What is required:
What is wanted is the full listing, word for word, without its pictures.

Material shown:
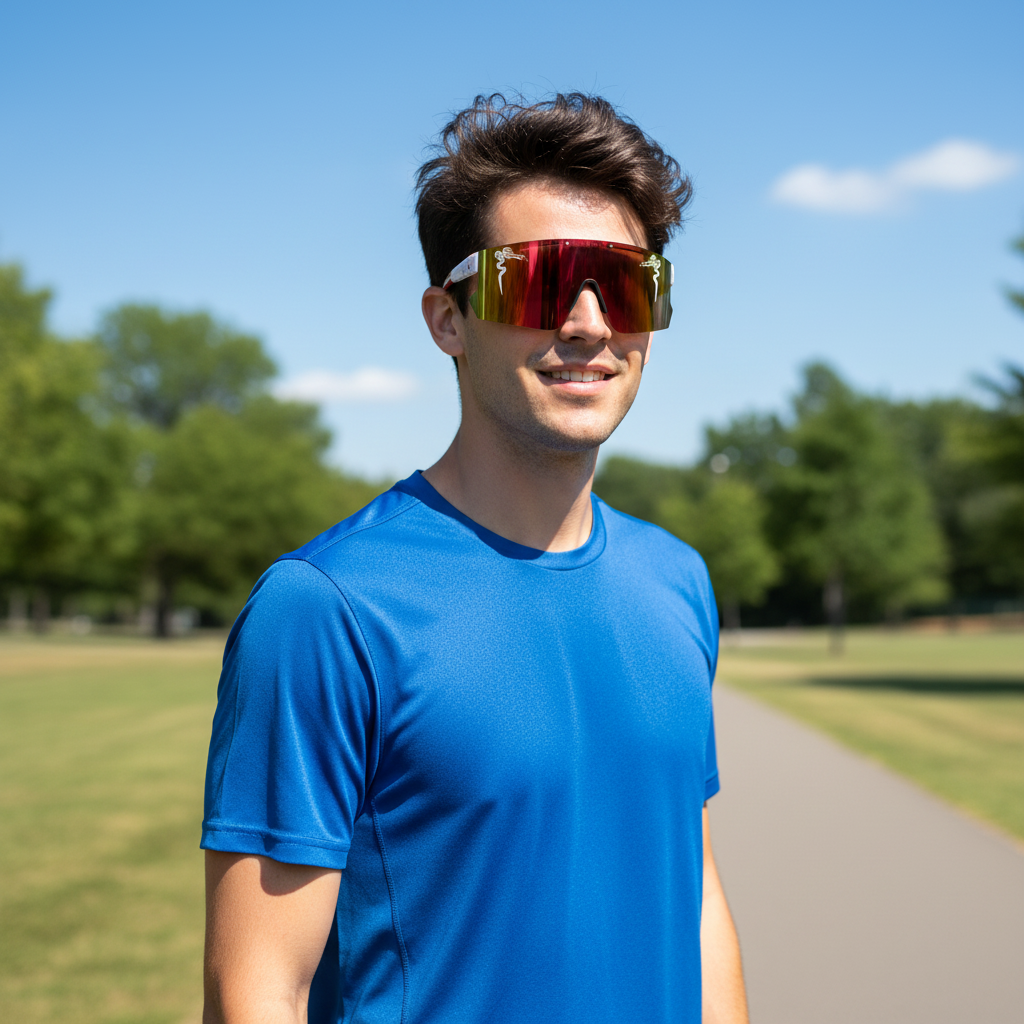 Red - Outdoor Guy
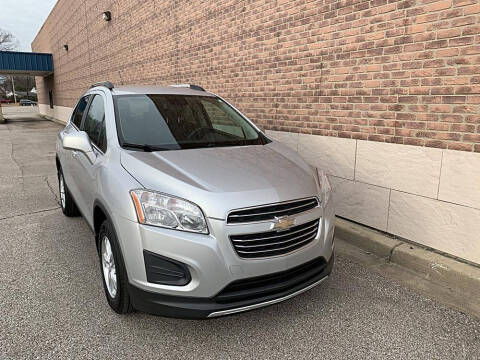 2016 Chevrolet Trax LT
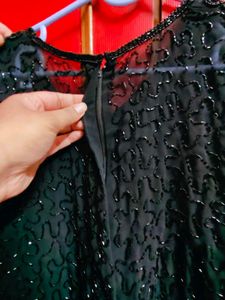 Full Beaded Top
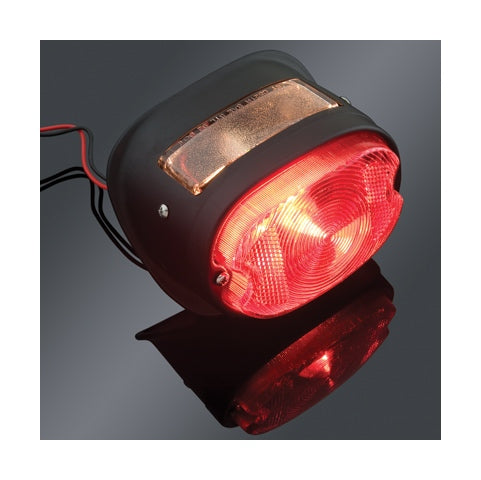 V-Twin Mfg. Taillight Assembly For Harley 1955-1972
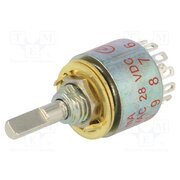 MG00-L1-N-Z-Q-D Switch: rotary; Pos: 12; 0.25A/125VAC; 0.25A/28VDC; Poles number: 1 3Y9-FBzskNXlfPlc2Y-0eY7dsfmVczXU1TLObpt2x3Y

Output:
 Red - Outdoor Guy
 2016 Chevrolet Trax LT
 Full Beaded Top
 V-Twin Mfg. Taillight Assembly For Harley 1955-1972
 MG00-L1-N-Z-Q-D Switch: rotary; Pos: 12; 0.25A/125VAC; 0.25A/28VDC; Poles number: 1 3Y9-FBzskNXlfPlc2Y-0eY7dsfmVczXU1TLObpt2x3Y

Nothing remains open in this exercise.